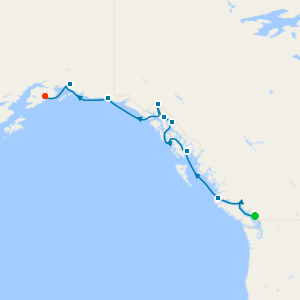 Alaska Cruise from Vancouver to Seward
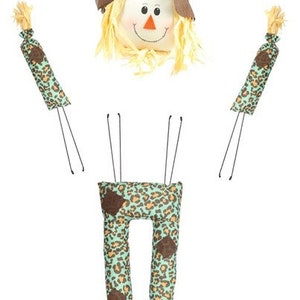 32&quot; High Scarecrow Decor Kit, 5 pieces,  Thanksgiving Wreath Kit, HA4043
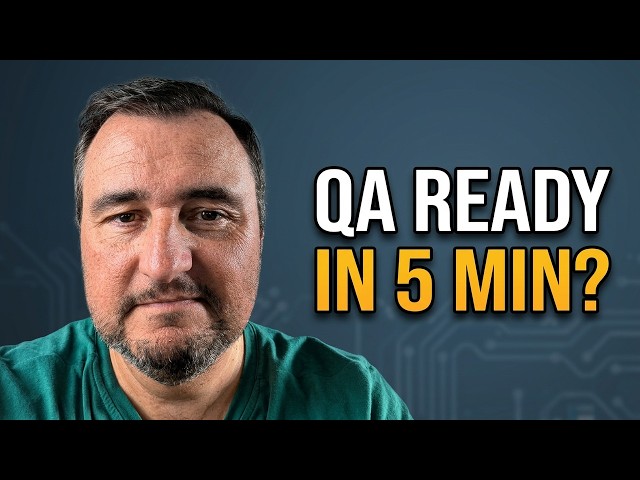 Software Testing in 5 Minutes | From Zero to QA Ready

▸ Problem to work on:
What is needed is an exact copy of all the data, with no images in it.

▸ Written response:
 Alaska Cruise from Vancouver to Seward
 32&quot; High Scarecrow Decor Kit, 5 pieces,  Thanksgiving Wreath Kit, HA4043
 Software Testing in 5 Minutes | From Zero to QA Ready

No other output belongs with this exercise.